Ich versicherte die Jungfrau, wenn das Verdienst, das ich mir um ihre Gebieterin machen sollte, auch zehnmal größer wäre, so verlangte ich keine andere Belohnung, als daß ich nicht einen Augenblick länger abgehalten würde, mich aus diesem Palaste zu entfernen. Die Jungfrau, ohne mir hierauf zu antworten, bat mich zu bedenken, daß ihre Dame, solange der bezauberte Pfeil in ihrem Herzen stecke, noch immer in der Gewalt ihres Verfolgers sei, welcher alle Augenblicke kommen könne, sie, wenn ich länger zögerte, meinen Augen zu entrücken und vielleicht an einen Ort zu verbergen, wo es mir unendlich schwerer sein würde, das mir vom Schicksal aufgetragene Werk zustande zu bringen.

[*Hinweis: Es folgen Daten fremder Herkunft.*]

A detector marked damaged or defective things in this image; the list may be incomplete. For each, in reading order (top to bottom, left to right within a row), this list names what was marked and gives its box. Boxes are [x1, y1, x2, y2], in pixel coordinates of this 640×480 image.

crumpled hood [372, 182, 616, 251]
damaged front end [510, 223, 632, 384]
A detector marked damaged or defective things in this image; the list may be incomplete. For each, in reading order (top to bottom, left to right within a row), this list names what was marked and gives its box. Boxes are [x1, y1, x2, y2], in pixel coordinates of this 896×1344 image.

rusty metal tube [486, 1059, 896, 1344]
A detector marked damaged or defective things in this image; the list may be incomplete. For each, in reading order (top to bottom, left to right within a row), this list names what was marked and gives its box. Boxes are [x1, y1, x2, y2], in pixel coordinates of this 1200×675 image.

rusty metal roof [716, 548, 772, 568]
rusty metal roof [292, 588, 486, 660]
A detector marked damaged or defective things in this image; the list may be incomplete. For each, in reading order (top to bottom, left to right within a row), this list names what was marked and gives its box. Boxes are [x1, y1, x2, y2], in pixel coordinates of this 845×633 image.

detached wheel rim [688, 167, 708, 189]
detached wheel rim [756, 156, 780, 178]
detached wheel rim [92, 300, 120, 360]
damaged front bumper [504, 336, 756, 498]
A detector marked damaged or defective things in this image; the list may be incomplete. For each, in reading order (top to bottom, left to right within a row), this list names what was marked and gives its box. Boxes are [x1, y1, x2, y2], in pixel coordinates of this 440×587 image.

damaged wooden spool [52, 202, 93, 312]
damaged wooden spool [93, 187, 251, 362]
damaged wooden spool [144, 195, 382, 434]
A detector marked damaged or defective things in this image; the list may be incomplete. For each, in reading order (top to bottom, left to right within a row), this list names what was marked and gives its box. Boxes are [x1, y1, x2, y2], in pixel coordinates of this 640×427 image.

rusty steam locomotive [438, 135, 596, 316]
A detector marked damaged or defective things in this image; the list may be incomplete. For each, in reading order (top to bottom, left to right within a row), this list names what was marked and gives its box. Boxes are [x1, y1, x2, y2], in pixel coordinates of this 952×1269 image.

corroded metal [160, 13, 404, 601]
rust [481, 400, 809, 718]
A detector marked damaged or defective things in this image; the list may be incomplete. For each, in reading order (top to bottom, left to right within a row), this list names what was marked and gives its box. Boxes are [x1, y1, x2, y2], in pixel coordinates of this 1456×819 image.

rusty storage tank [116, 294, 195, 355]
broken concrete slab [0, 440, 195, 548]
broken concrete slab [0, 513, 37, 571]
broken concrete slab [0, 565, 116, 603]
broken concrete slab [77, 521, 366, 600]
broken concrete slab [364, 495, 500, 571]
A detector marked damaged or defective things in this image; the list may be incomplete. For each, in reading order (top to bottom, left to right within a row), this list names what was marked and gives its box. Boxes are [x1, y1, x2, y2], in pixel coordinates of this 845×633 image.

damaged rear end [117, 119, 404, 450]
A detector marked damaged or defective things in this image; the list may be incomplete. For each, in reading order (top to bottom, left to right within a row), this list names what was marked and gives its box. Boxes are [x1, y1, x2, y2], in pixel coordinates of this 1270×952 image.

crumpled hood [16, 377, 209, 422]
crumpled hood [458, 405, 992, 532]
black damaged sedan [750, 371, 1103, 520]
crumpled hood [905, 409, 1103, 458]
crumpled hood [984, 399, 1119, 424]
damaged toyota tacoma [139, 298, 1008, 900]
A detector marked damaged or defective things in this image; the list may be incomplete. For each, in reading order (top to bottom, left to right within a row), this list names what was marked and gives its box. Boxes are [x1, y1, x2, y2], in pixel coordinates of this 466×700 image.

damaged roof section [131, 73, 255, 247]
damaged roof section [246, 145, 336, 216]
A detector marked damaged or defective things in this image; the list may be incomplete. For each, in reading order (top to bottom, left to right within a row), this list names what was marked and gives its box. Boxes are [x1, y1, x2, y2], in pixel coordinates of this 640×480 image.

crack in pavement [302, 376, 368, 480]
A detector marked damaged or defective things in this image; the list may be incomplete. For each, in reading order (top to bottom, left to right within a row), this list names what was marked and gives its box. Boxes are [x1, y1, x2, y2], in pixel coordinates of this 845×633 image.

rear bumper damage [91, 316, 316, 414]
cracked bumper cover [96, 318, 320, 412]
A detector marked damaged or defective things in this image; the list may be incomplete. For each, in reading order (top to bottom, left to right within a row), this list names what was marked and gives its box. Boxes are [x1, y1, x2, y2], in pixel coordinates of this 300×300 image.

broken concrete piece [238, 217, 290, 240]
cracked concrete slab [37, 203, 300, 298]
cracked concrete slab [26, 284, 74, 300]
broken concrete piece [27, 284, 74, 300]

Ich näherte mich also der jungen Dame, deren Schönheit mir so blendend vorkam, daß ich mir nicht getraute, sie recht zu betrachten. Schaudernd faßte ich den Pfeil, und indem ich ihn mit einiger Mühe herauszog, verschwand auf einmal der Glanz, der die Mitte des Saales bisher erleuchtet hatte. Ein lauter Donnerschlag erschütterte den ganzen Palast, und ich befand mich einige Augenblicke in einen dichten schweflichten Nebel eingehüllt. Aber als er sich verlor, wie groß war mein Erstaunen, mich in einem von allen Seiten schimmernden und von einer Menge kristallner Kronleuchter erhellten Saale zu finden und den Sarg, worin die junge Dame gelegen hatte, in einen prachtvollen Thron verwandelt zu sehen, auf welchem ich sie in der Stellung einer Person erblickte, die nur eben aus einer langen Ohnmacht wieder ins Leben zurückgekommen ist. Ihr Gesicht lag auf dem Busen einer der Jungfrauen, während die andern, um sie her kniend, ihre Freude über die Befreiung ihrer Gebieterin zu bezeigen schienen. Sie stand auf, um sich wegzubegeben; und indem sie, an zwei Jungfrauen gelehnt, langsam bei mir vorbeiging, warf sie einen Blick voll zärtlicher Dankbarkeit auf mich, der mir in die Seele drang. Meine Augen folgten ihr unfreiwillig, bis ich sie aus dem Gesichte verlor.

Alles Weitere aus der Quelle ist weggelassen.